Deductibility of Executive Compensation
Beginning in 1994, the Internal Revenue Code of 1986, as amended limited
the federal income tax deductibility of compensation paid to our chief
executive and to each of the other four most highly compensated executive
officers. For this purpose, compensation can include, in addition to cash
compensation, the difference between the exercise price of stock options and
the value of the underlying stock on the date of exercise.

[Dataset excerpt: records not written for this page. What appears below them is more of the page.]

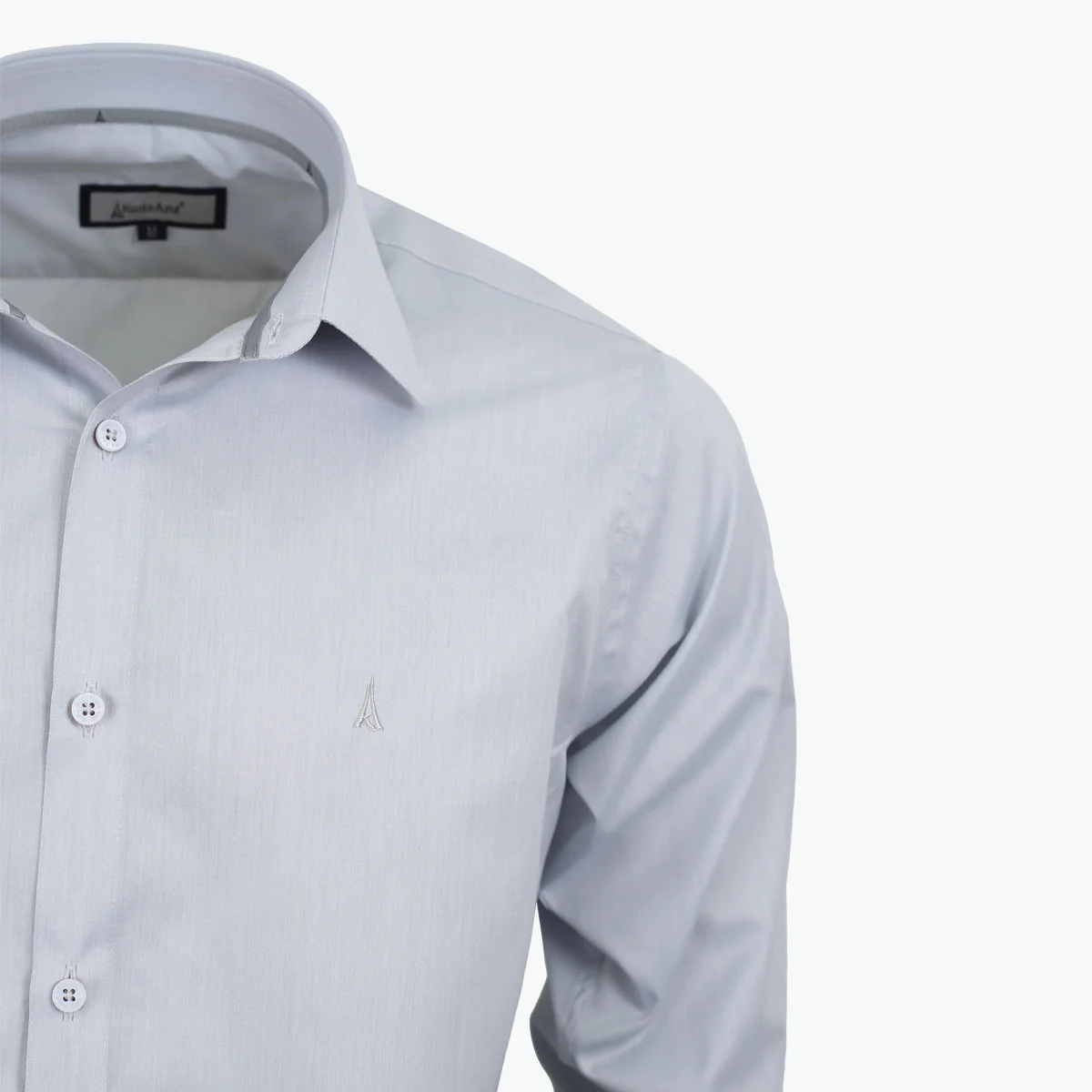 Camisa Slim Fit Manga Larga Gris Claro - Kosta Azul - Imagen 3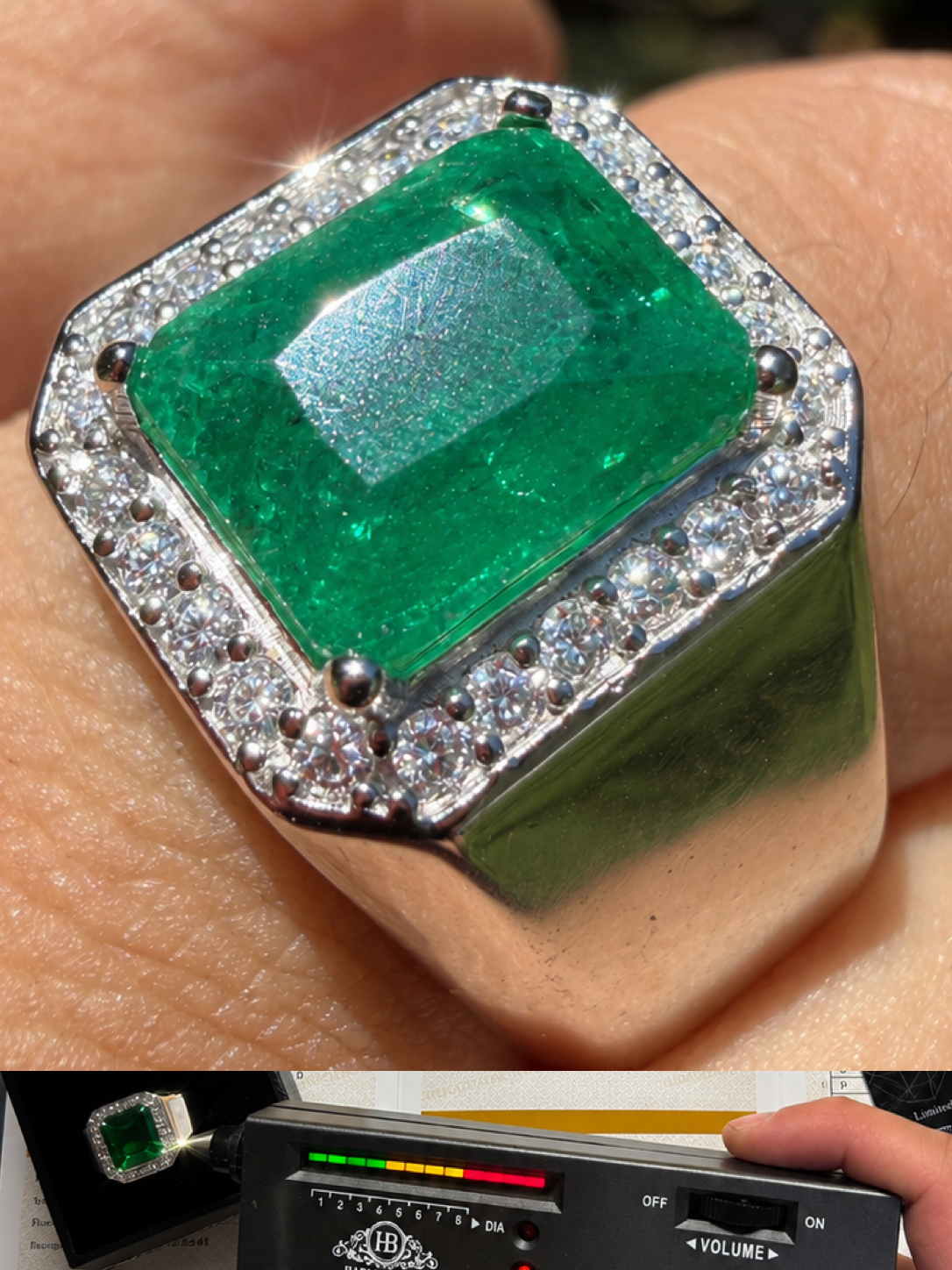 MOISSANITE Cardinal Crown Ring - 925 Silver - Genuine Green Emerald Stone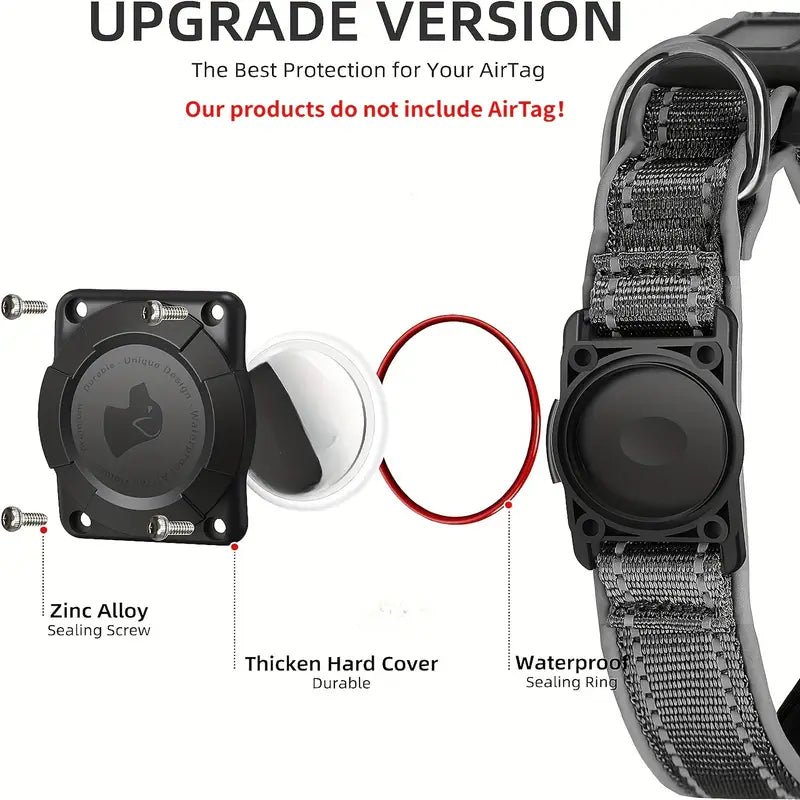 Small Dog Heavy-Duty Waterproof AirTag Dog Collar – Adjustable Nylon Strap with Reflective Strips & Padded Holder for Small dogs
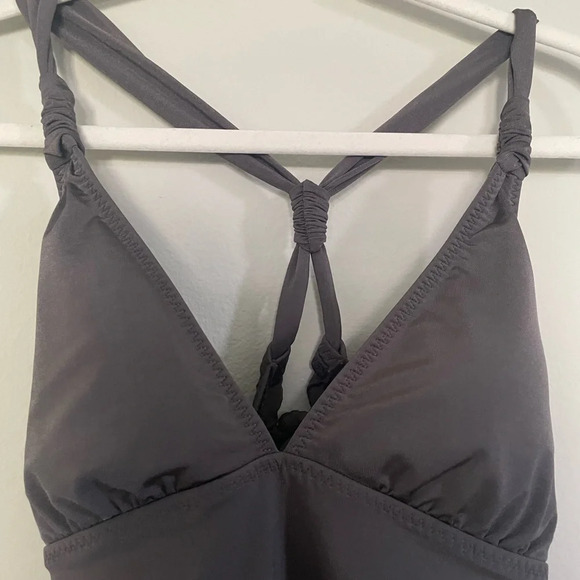 Athleta Aqualuxe one piece Ruched Tie Back Gray Full Coverage Medium - Picture 5 of 10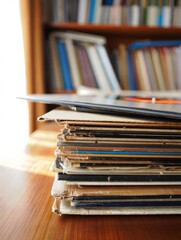 A collection of stacked vintage records rests on a wooden table with sunlight filtering through a nearby window illuminating the rich textures and colors of the album covers.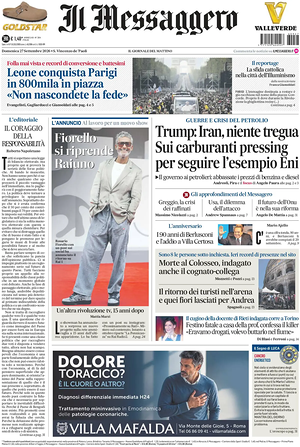 Prima pagina Il Messaggero di oggi - Quotidiano nazionale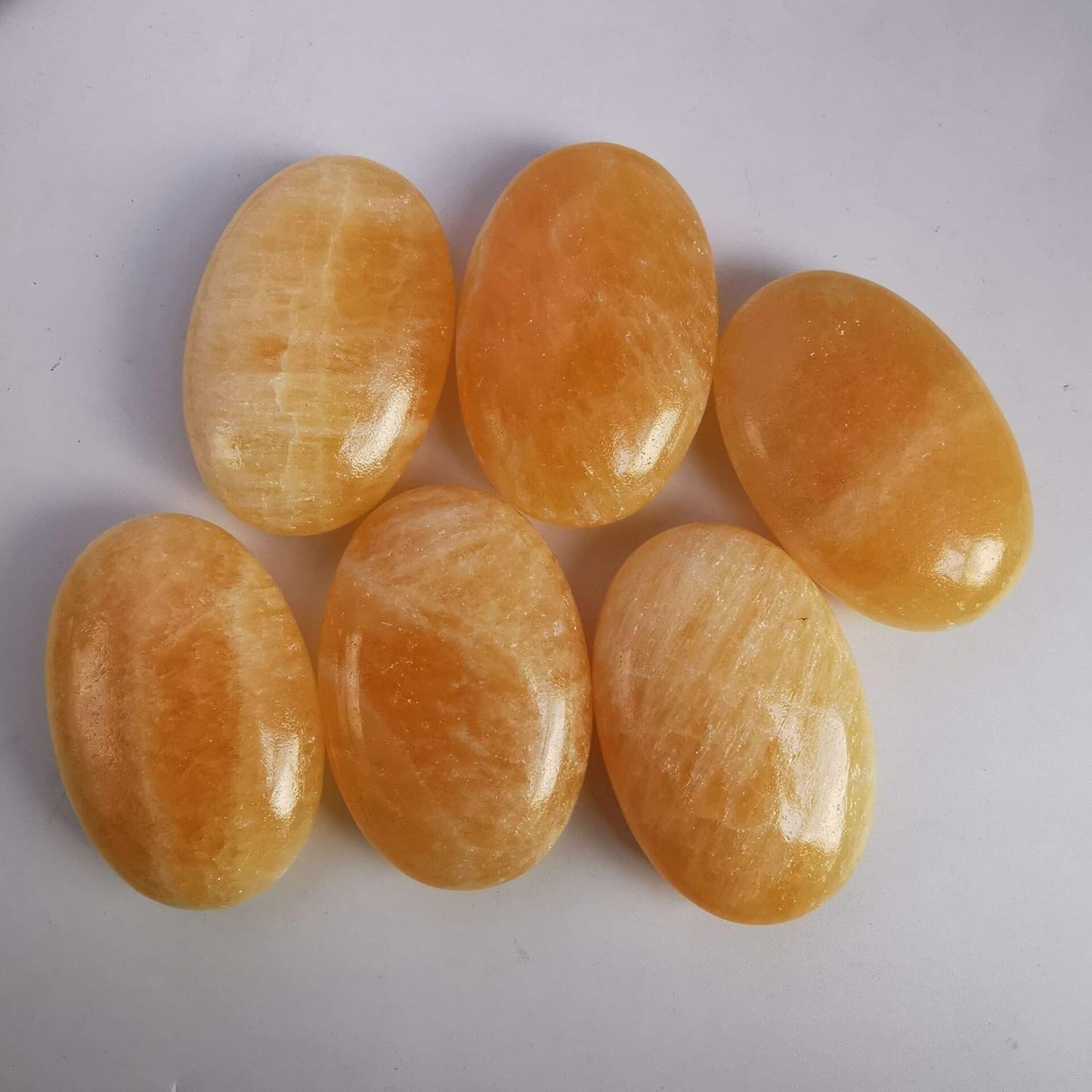 Natural Ice Yellow Jade Oval Polished Worry Stones, Healing Crystal Indoor Fountain Stones Massage Energy Anxiety Relief Items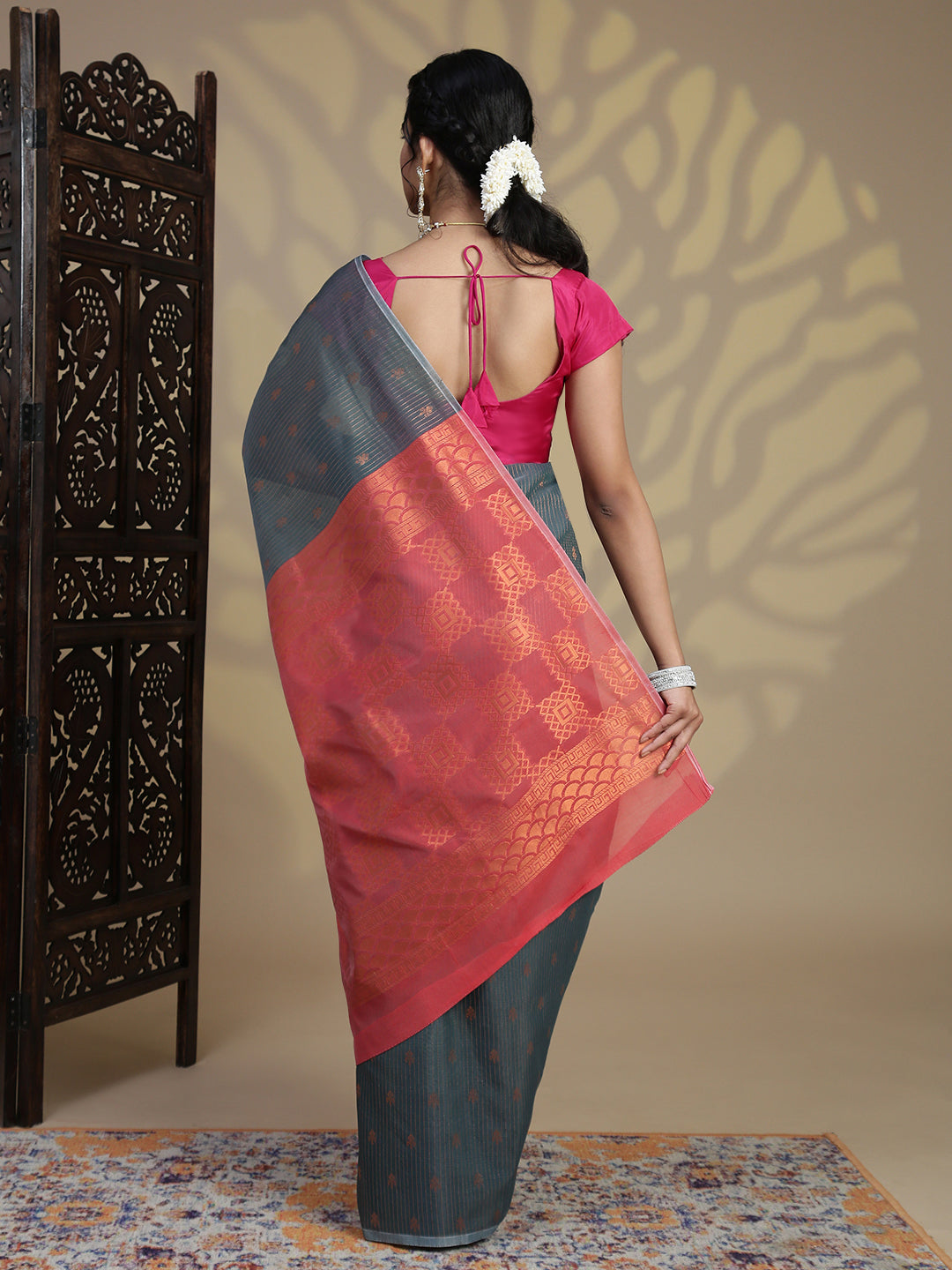 Women Green Kora Cotton Saree SK105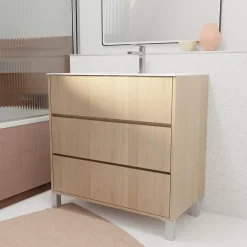 Aurlane Pack Meuble Salle de Bains 80 cm Chêne Clair, 3 tiroirs avec Vasque Céramique - XENOS* Meuble Vasque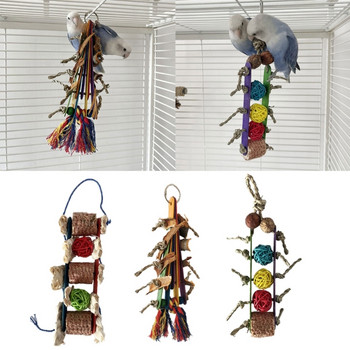 Bird Parrots Chew Toy Colorful Shredder for Conures Parakeets Cockatiels Y9RE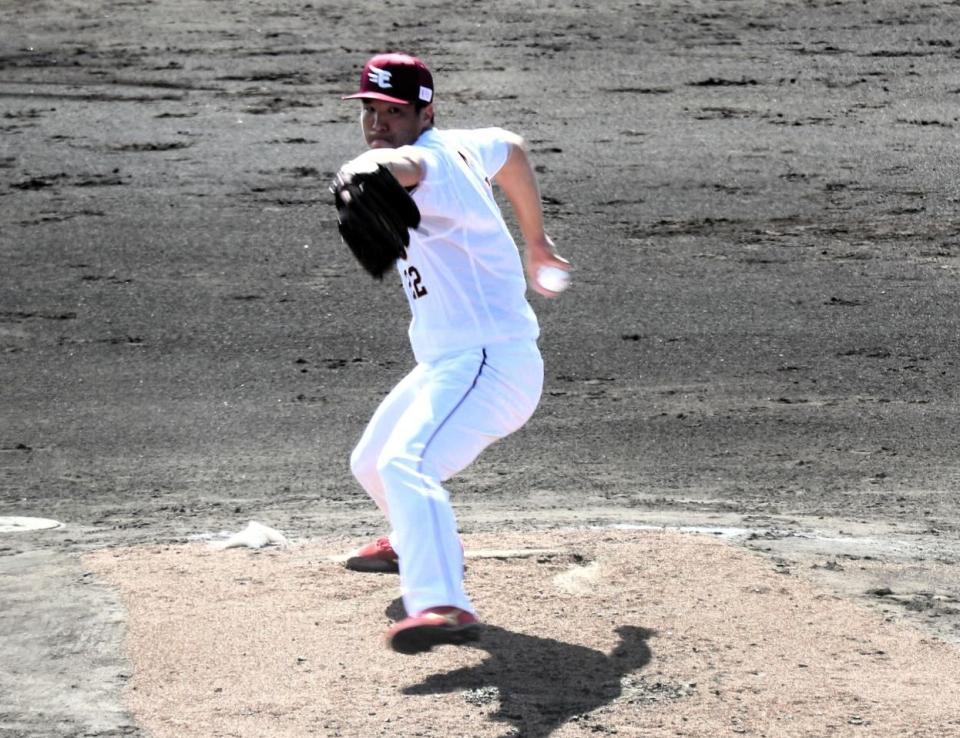 　実戦初登板した小孫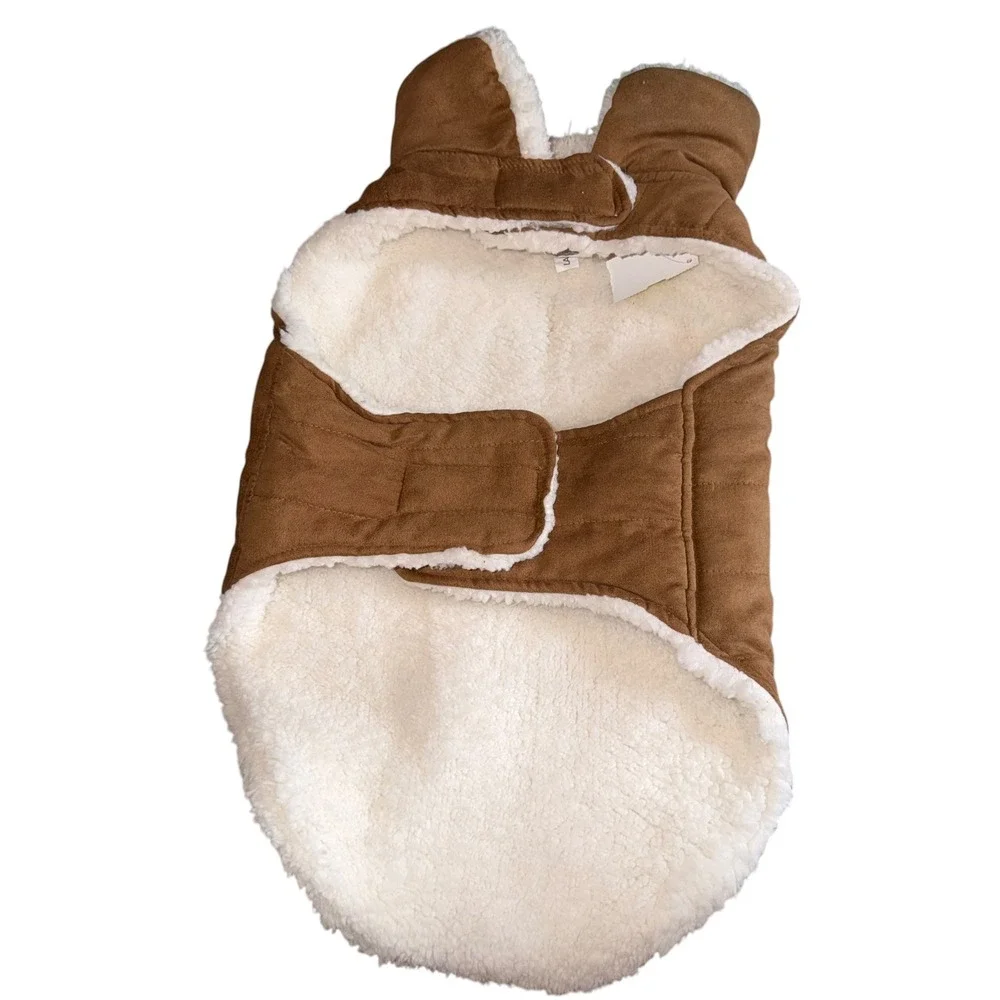 Koolaburra by UGG Dog Coat Large Chestnut Brown Faux Suede Sherpa Lined Jacket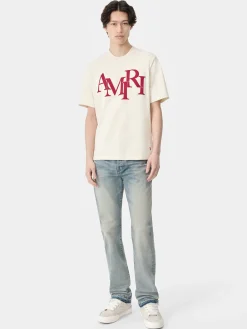 AMIRI Tees<STAGGERED TEE BIRCH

We may deduct
compensation with respect to any of these individuals only to the extent that
during any fiscal year such compensation does not exceed $1.0 million or meets
certain other conditions enabling it to be characterized as performance-based.
Considering our current compensation plans and policy, Autodesk and the
Compensation Committee believe that, for the near future, there is little risk
that we will lose any significant tax deduction relating to executive
compensation. If the deductibility of executive compensation becomes a
significant issue, our compensation plans and policy will be modified to
maximize deductibility if Autodesk and the Compensation Committee determine
that such action is in the best interests of Autodesk.
COMPENSATION COMMITTEE OF THE BOARD
OF DIRECTORS
Crawford W. Beveridge, Chairman
Paul S. Otellini
Mark A. Bertelsen
11
Compensation Committee Interlocks and Insider Participation
No member of the Compensation Committee was or is an officer or employee of
Autodesk or any of its subsidiaries. No interlocking relationship exists
between any member of our Compensation Committee and the compensation
committee of any other company, nor has any such interlocking relationship
existed in the past.
Employment Contracts and Certain Transactions
In April 1992, Autodesk entered into an agreement with Carol A. Bartz which
provides for a minimum base salary of $400,000, incentive bonus of up to
eighty percent of base salary, a one-time employment bonus of $250,000 (to
compensate for a foregone bonus) and the grant of options to purchase
2,000,000 shares (as adjusted to reflect the October 1994 two-for-one stock
split) of common stock vesting over five years of employment. The agreement
provides for a severance payment equal to two years' base salary and incentive
compensation in the event Ms. Bartz's employment is terminated without cause
within two years after commencement of employment or one year after a change
of control of Autodesk not approved by the Board of Directors or two years'
base compensation in the event Ms. Bartz's employment is terminated without
cause under any other circumstances.
In accordance with SEC Rule 10b5-1, Ms. Bartz established a written plan
which provides for the exercise of certain options of the Company's common
stock and the automatic sale of the underlying shares of common stock in
accordance with specific guidelines.
Compliance with Section 16(a) of the Securities Exchange Act of 1934--
Beneficial Ownership Reporting Compliance
Section 16(a) of the Securities Exchange Act of 1934 requires the Company's
directors and executive officers, and persons who own more than ten percent of
a registered class of the Company's equity securities, to file reports of
ownership on Form 3 and changes in ownership on Form 4 or 5 with the SEC and
the National Association of Securities Dealers. Such officers, directors and
ten percent stockholders are also required by SEC rules to furnish the Company
with copies of all Section 16(a) forms that they file.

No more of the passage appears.